Wireless mice are even more egregious. Batteries are consumable components with a finite number of charge cycles. Yet, manufacturers continue to solder them directly to the PCB. When the battery inevitably degrades, you're expected to throw away a perfectly functional, expensive peripheral. This is wasteful and actively user-hostile. A simple JST connector offers a standardized, foolproof, and cheap solution. Users can easily disconnect it and replace just the faulty batteries on their unit in seconds. It'd also need brands to sell replacement batteries over the counter.

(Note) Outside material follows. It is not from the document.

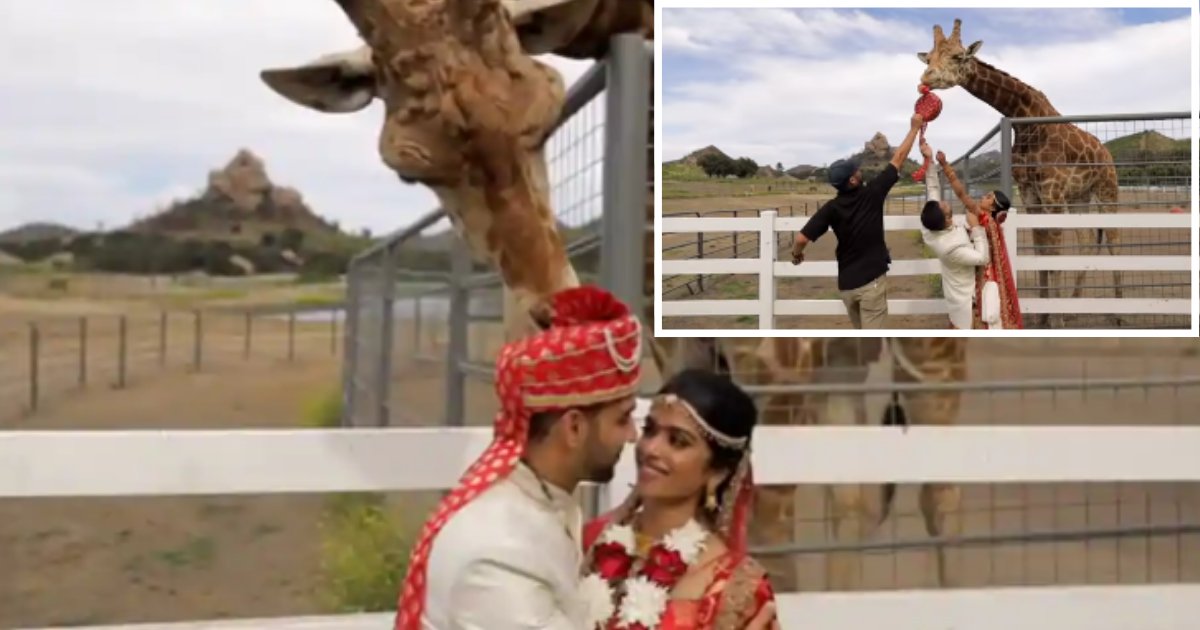 4 22.png?resize=1200,630 - This Giraffe Photobombed Couple’s Wedding and Tried to Eat the Turban of the Groom 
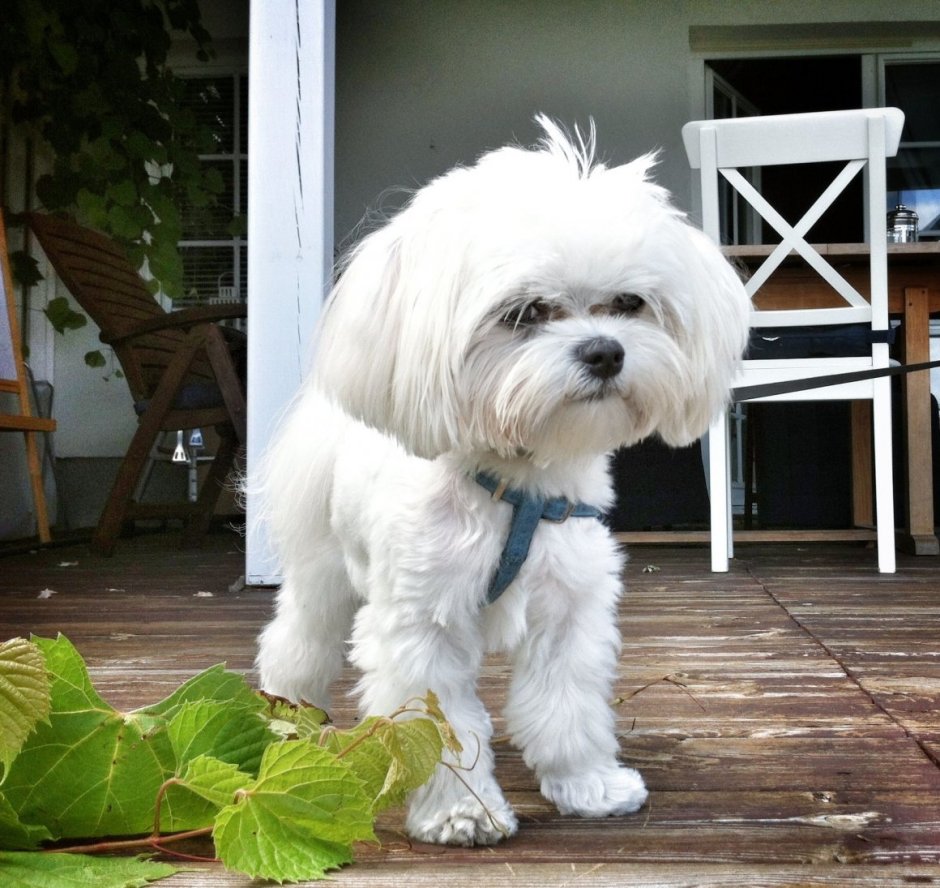 Болонка мальтезе взрослая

Furthermore, brands should make an effort to use standard-sized LiPo battery packs. This would allow users to easily find third-party replacements, even if the original manufacturer doesn't bother to stock them. The same logic applies to wired mice. Permanently attached cables that fray or shed their sheathing should be replaced with detachable ones. Buyers shouldn't have to learn how to re-sleeve a cable in paracord just because the manufacturer chose a flimsy design that reduces drag.
RMAs for simple fixes are wasteful
Just sell us the parts
Mice live a hard life. They are in constant contact with the oils and friction from our skin, and their primary components are subjected to millions of clicks and scrolls. Soft-touch coatings peel, rubber grips wear smooth, and switches fail. It's just regular wear, but that doesn't mean brands insist you smash your mouse to bits. If mice were repairable, companies would have fewer RMA claims to handle and wouldn't need to insult the buyer's integrity and the environment in the process.
Following the lead of Framework laptops or the ethos of repair advocates like Louis Rossmann, mouse OEMs should sell replacement parts directly to consumers. Replacement shells, scroll wheels, encoders, cables, wireless dongles, and PCBs should all be available. This would be particularly valuable for flagship mice. If I'm paying over $100 for a premium mouse, I should have the option to buy a new top shell for $20 when the soft-touch coating wears off in a year.
Mice are not consumables
For too long, we’ve been conditioned to see computer mice as consumables—a casualty of intense gaming sessions or a long work week that needs to be replaced every few years. This mindset is a product of design choices that prioritize aesthetics and marginal performance gains over longevity and repairability. The industry has chased lighter weights, higher DPIs, and faster polling rates, all while ignoring the fundamentals of building a sustainable, long-lasting product.
Making mice more repairable isn't about forcing every user to become an electronics technician. It's about providing options. It's about respecting the customer's investment and their right to repair the products they own. Small changes to the product can build a loyal customer base, given how crucial mice remain for human-computer interaction.